Liste von Unfällen an der Eisenbahnunterführung Wilhelmstraße
Dieser Artikel listet all jene Unfälle an der Eisenbahnunterführung auf der Wilhelmstraße auf, die öffentlich dokumentiert wurden, etwa durch Berichte des Westfälischen Anzeigers oder Pressemeldungen der Polizei Hamm. Mit Stand vom Juni 2025 sind dies 32 Vorfälle.
Die Dunkelziffer dürfte ungleich höher liegen, insbesondere bei nicht vollendeten Unfällen, etwa wenn die Brücke lediglich touchiert oder durch Zurücksetzen noch gewendet wird.
Kontext
Seit etlichen Jahren kommt es an der Eisenbahnbrücke über die Wilhelmstraße direkt am Hauptbahnhof zu Kollisionen von Lastkraftwagen mit der Brücke.
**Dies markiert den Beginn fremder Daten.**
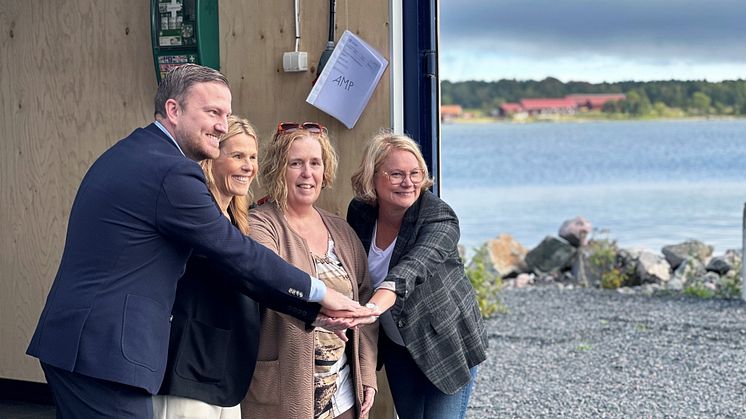 Tre kvinnor och en man skakar hand stående i öppningen till en container framför havet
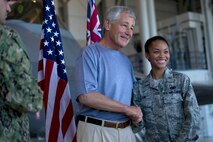 U.S. Air Force 2nd Lt. Gayleen Lim, 735th Air Mobility Squadron, receives a coin and poses for a photo with Defense Secretary Chuck Hagel May 30, 2013, inside aircraft hangar 19 on Joint Base Pearl Harbor-Hickam, Hawaii. Hagel spoke to more than 200 service members from U.S. Pacific Command, answered questions from the crowd and gave out coins thanking them for their service. During his short stop in Hawaii he also met with Pacific Command leaders before continuing to Singapore to speak at the Shangri-La Dialogue. As a senator, Hagel co-founded of the Shangri-La Dialogue, which began in 2002. This return visit to the dialogue will be his first as secretary of defense. The annual conference draws defense and security experts from across the Asia-Pacific region. Hagel’s travels will wrap up with a gathering of defense ministers at NATO headquarters in Brussels. (Department of Defense photo by U.S. Air Force Tech. Sgt. Michael R. Holzworth/Released)




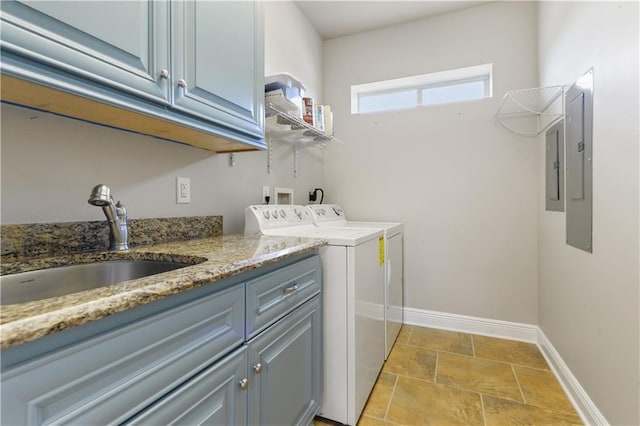 4027 Borneo St, Bay Saint Louis, MS 39520 - laundry area with separate washer and dryer, baseboards, cabinet space, and light stone finish flooring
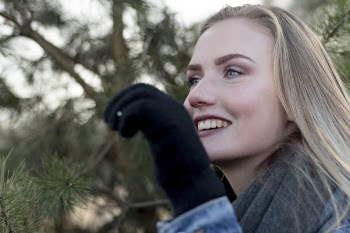 Woman Wearing Grey Scarf Holding a Pine Leaf While Smiling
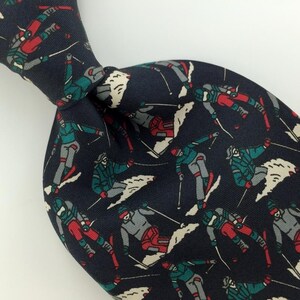 May include: A dark blue silk tie with a repeating pattern of skiers in various poses on a snowy mountain. The skiers are wearing colorful clothing and holding ski poles.
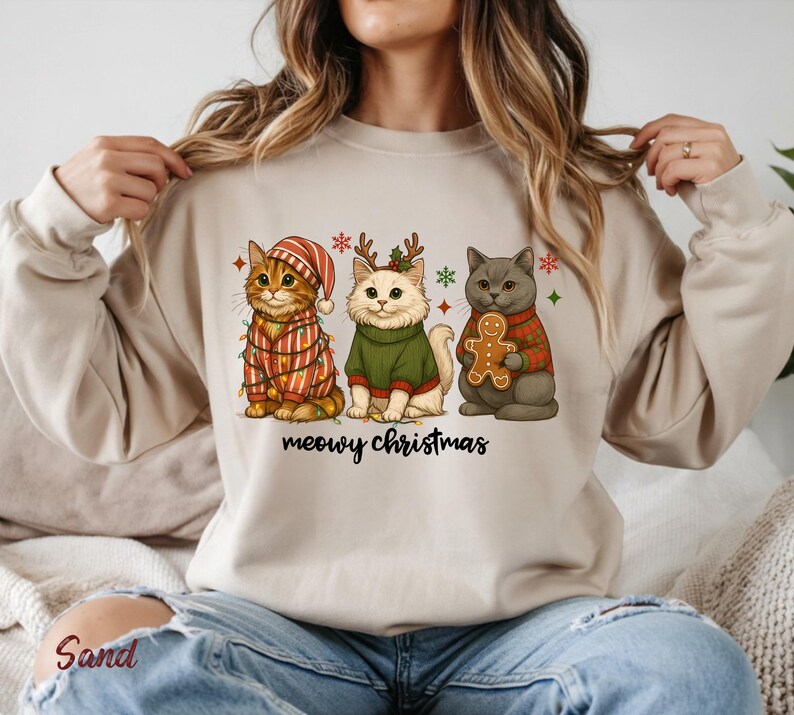 May include: Beige sweatshirt featuring three cartoon cats dressed for Christmas. One cat wears a striped hat and sweater with lights, another a green sweater and antlers, and the last a red plaid sweater holding a gingerbread man. The text "meowy christmas" is below.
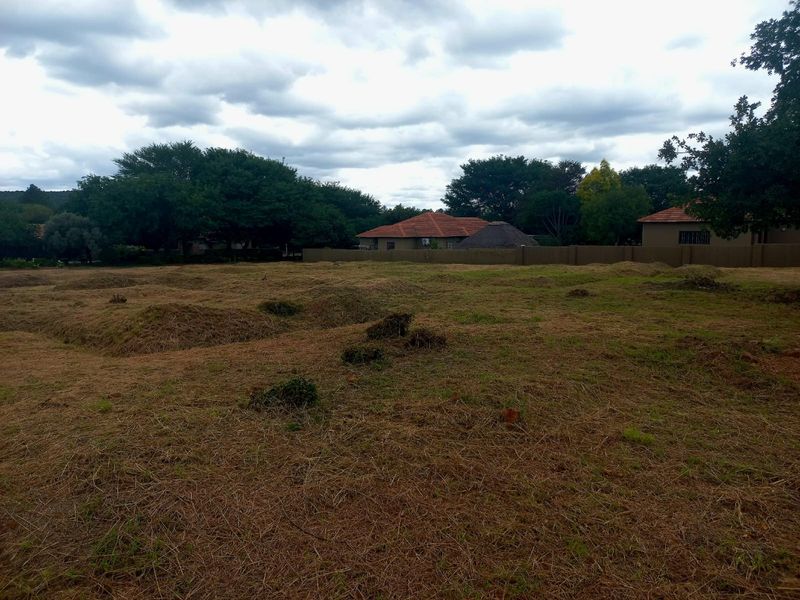 A vacant residential plot featuring uneven terrain and a perimeter boundary wall, offering a blank canvas for future development.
Drei Viertel der Vorfälle registriert die Polizei dabei auf der Westseite der Unterführung. [1]
Die Eisenbahnbrücke weist eine maximale Durchfahrtshöhe von 3,50 Meter auf den äußeren Fahrspuren (je eine stadtein- und auswärts) und 3,80 Metern auf der mittleren Fahrspur (stadteinwärts) auf. Diese Höhe wurde bei Errichtung der Brücke im Jahr 1925 noch von keinem Lastwagen erreicht,[1] heute ist sie nicht unüblich. Die zulässige Durchfahrtshöhe wird scheinbar regelmäßig ignoriert, da eine Umfahrung mit einem erheblichen Umweg verbunden wäre. So müssen nach Darstellung der Westfälischen Drahtindustrie bis zu 60 Zulieferer täglich Umwege zum Betriebsgelände aufgrund der Eisenbahnbrücke in Kauf nehmen.[2] Offenbar setzen einige Speditionen auch keine spezifischen Lkw-Navigationsgeräte ein, die vor der nicht hinreichenden Höhe warnen könnten.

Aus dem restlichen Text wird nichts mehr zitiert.